Our son will be the only one to miss out on the big events, as he heads to Bahrain next week for at least a year. He is taking his turn at being deployed and will be leaving his family in Florida while away. He just enlisted for another 6 years. Go Navy!
Our middle daughter continues to teach in southern Maine and has high hopes of moving further south. She loves southern living, and looks forward to the next chapter being further away from home and in perpetual warmth and near a waterway. We have mixed feelings, but have always encouraged our children to live their own life, and not to change plans on our behalf. We look forward to seeing what the Lord has in store for our adventurous, willful, independent child who doesn’t like to stay put.
This is what I focus on: our babies. It’s the best thing that we ever did together, and I will always be able to look into their faces and see their Dad. Each one of them have character traits of their father, and for that, I am so grateful.
So, what do you do when LIFE TRAUMA visits your family? Focus. Focus on the good stuff. Choose your attitude, because JOY is a choice. Lean in. Lean in to your Maker, lean in to your family, lean in to your friends who are strong and want to help.
Another big aha: Friends are hard to find, but when you find them, cling to them but don’t choke the life out of them. I am determined not to be “that person”. We all know who they are. I don’t want to be the one that people avert their eyes, slide behind, or dash from the room from. I don’t want to be “that person”. So what DO you say when someone asks how he’s doing? I’ve learned that not everyone really wants to know. They are simply being polite, kind of like a “good morning, how are you?” greeting. They don’t really want to know. It is just another way to say, “hi.” I have learned to judge my response by the amount of eye contact I get, and by the person who is asking. If people act like they genuinely want to know, my latest response is, “Over the summer, he has had some dementia related decline, which is to be expected, and right now he is suffering with a UTI.” The problem is that people don’t know what to say, so they simply, don’t ask. As a result, we see and hear from very few people and our close friend circle has become very small. It is a product of LIFE TRAUMA. People don’t know what to say, they don’t know what to do, they can’t really make it better, and it scares them, so it becomes a lonely road.

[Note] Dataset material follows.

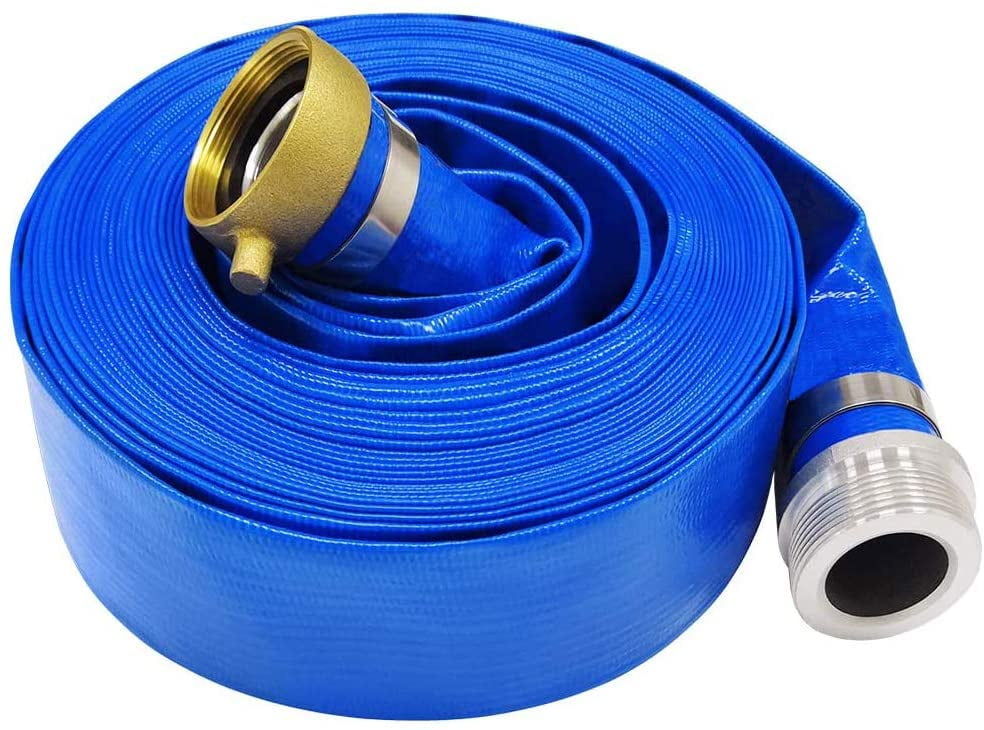 2" x 50' PVC Lay Flat Water Discharge Pool Backwash Hose with Aluminum Pin Lug Fittings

As a result, we make our own happiness and don’t rely on others. This summer, we spent a whole lot of time at the walk bridge on the coast. It is only 15 minutes from our home, handicap accessible, and even has a wheelchair accessible port-a-potty on site. We picnicked, walked, admired the boats, and talked to strangers who were doing the same. We took a trip down Coastal Route 1 and had a lobster roll. We watched movies, weeded together, enjoyed house projects and ate lots of ice cream. We lit candles, drank gallons of coffee on the deck, grilled nearly every day, and just thoroughly enjoyed one another. It has been a wonderful summer. We chose joy, noticed the blessings, and were determined not to waste one single minute of our precious time together.
I’m happy. I don’t know what life is going to look like after- but today I choose JOY.